-- INFORMATION SHOWN follows --

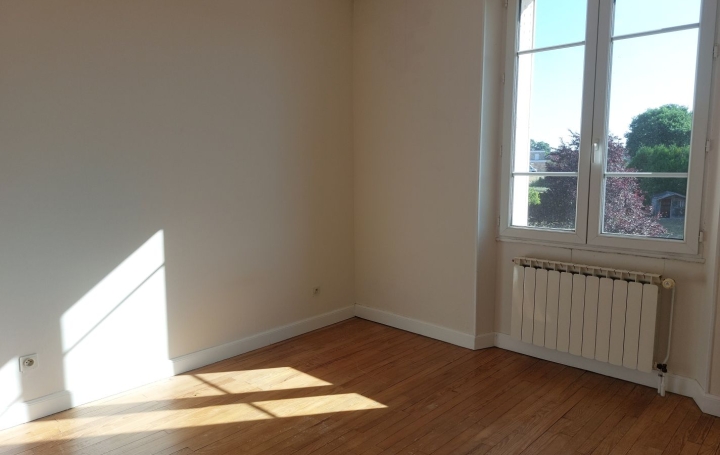 Maison de ville BOUSSAC (23600)  104 m2 135 000 € 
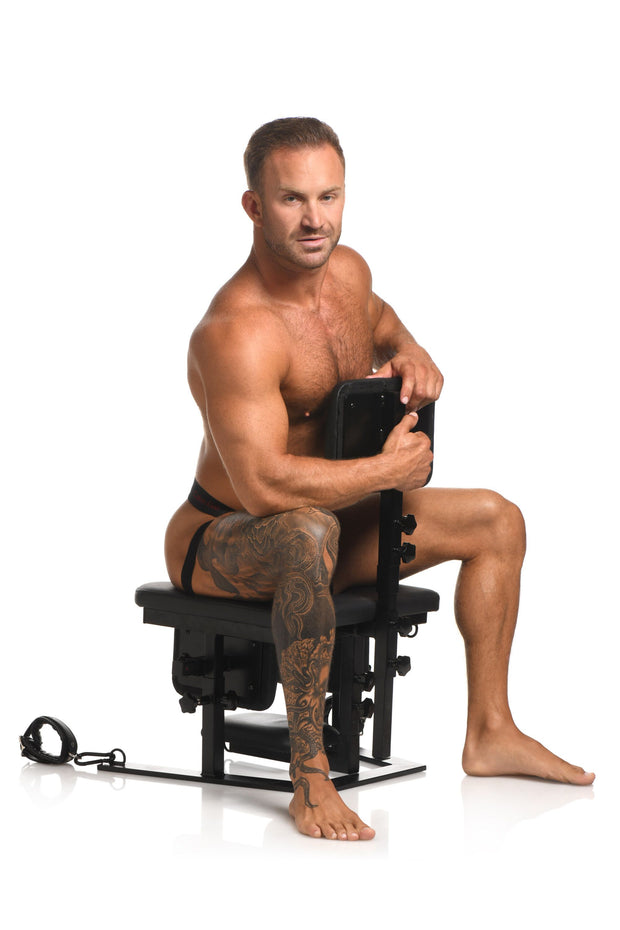 XR Brands - Pleasure Throne Oralsex-Stuhl - Schwarz
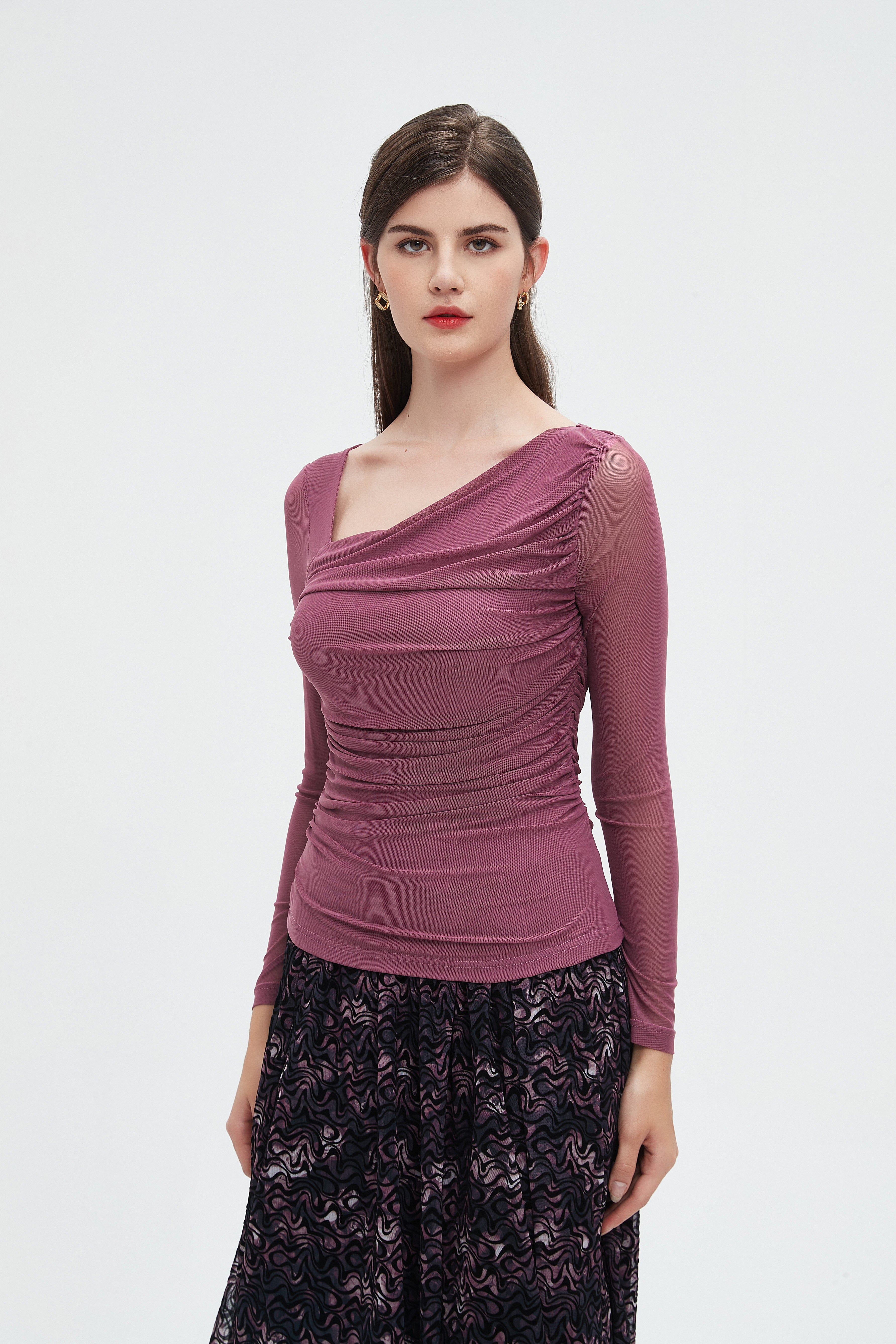 نتشي بلوزة طويلة نسائية بكم طويل وقصه كشكش ساده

-- INFORMATION SHOWN concluded --

WORK INSTRUCTIONS —
Reproduce the material word for word, but without its images.

TASK OUTPUT —
 Maison de ville BOUSSAC (23600)  104 m2 135 000 € 
 XR Brands - Pleasure Throne Oralsex-Stuhl - Schwarz
 نتشي بلوزة طويلة نسائية بكم طويل وقصه كشكش ساده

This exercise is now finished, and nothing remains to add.